*** Block opens ***
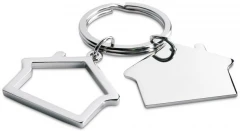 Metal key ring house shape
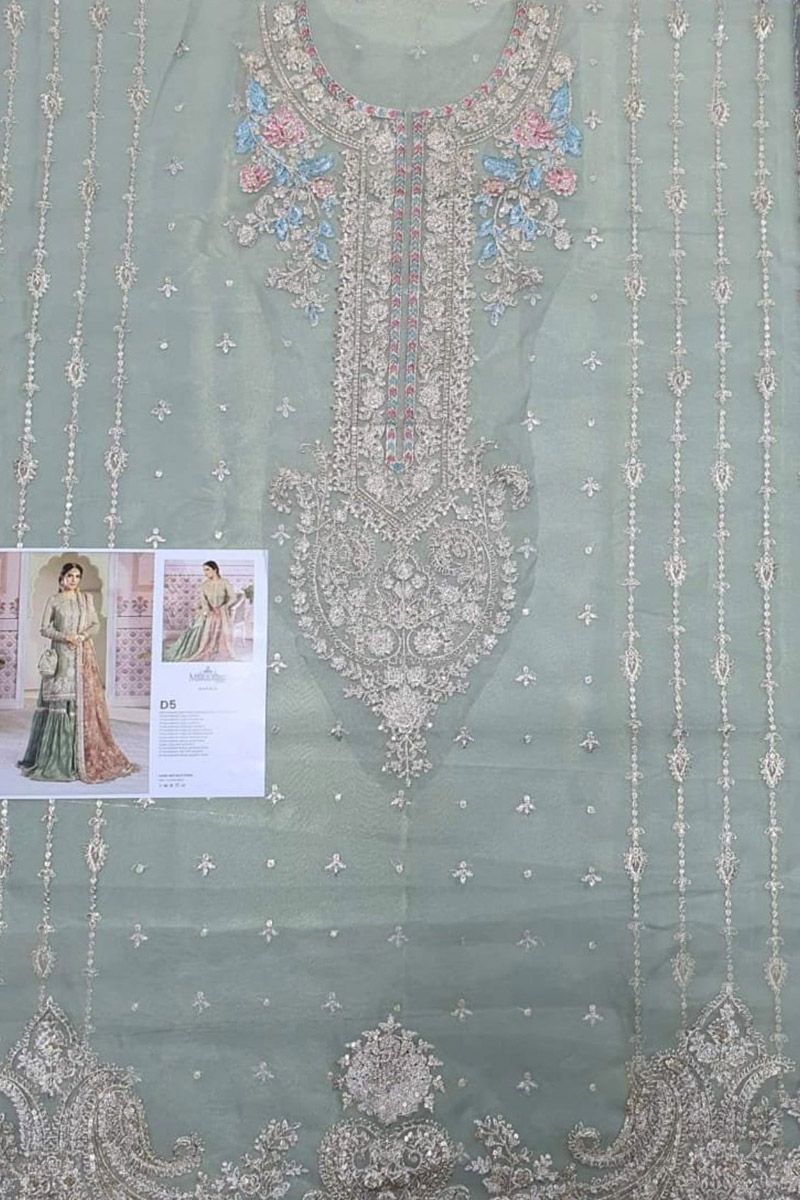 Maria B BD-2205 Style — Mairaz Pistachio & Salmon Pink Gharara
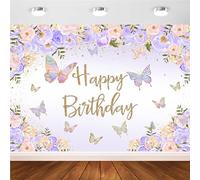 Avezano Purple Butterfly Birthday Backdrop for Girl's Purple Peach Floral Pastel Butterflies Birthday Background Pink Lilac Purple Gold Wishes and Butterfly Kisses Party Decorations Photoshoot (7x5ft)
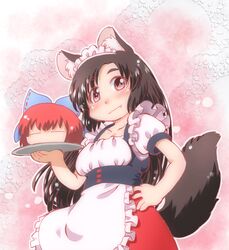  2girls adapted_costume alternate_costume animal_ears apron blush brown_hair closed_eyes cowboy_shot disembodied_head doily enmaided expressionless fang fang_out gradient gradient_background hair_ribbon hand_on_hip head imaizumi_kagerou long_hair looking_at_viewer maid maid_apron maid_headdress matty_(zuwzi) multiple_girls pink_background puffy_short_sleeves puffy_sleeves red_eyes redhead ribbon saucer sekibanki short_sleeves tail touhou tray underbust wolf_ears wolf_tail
*** Block closes ***
*** Block opens ***
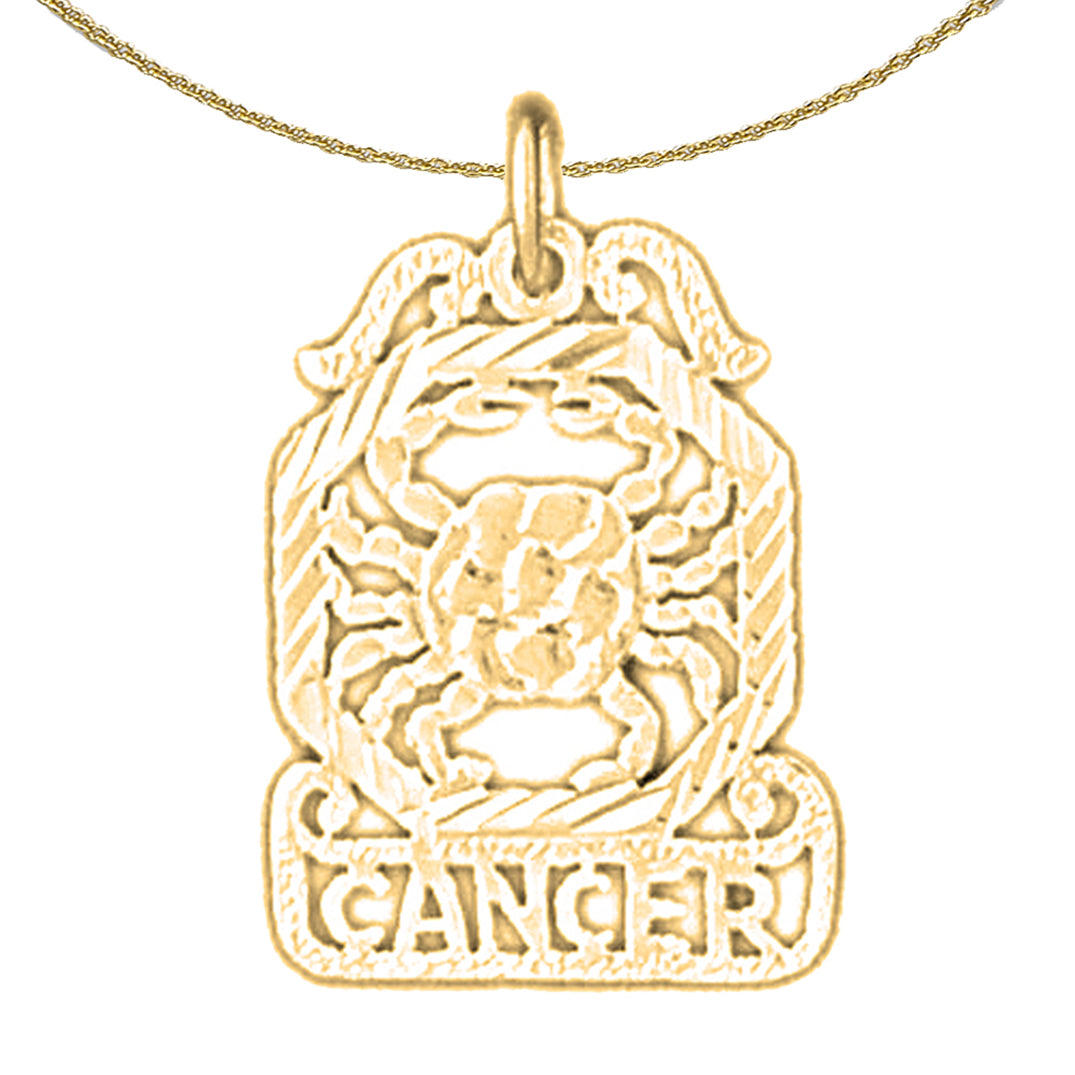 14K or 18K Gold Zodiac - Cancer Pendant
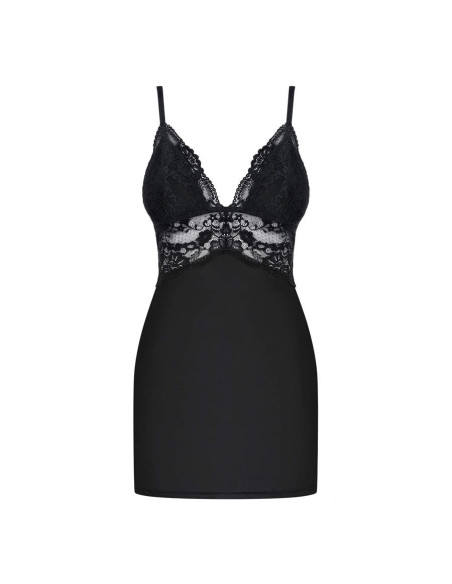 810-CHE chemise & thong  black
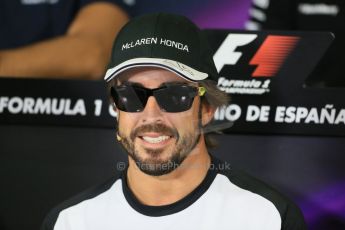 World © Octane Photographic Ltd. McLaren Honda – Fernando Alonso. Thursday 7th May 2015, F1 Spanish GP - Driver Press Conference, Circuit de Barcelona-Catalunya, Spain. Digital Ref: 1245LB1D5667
*** Block closes ***
Problem to work on:
I'd like the lines above repeated exactly, from the one that contains "Metal key ring house shape" through the one that contains "Maria B BD-2205", with no pictures.

Exercise output:
 Metal key ring house shape
 Maria B BD-2205 Style — Mairaz Pistachio & Salmon Pink Gharara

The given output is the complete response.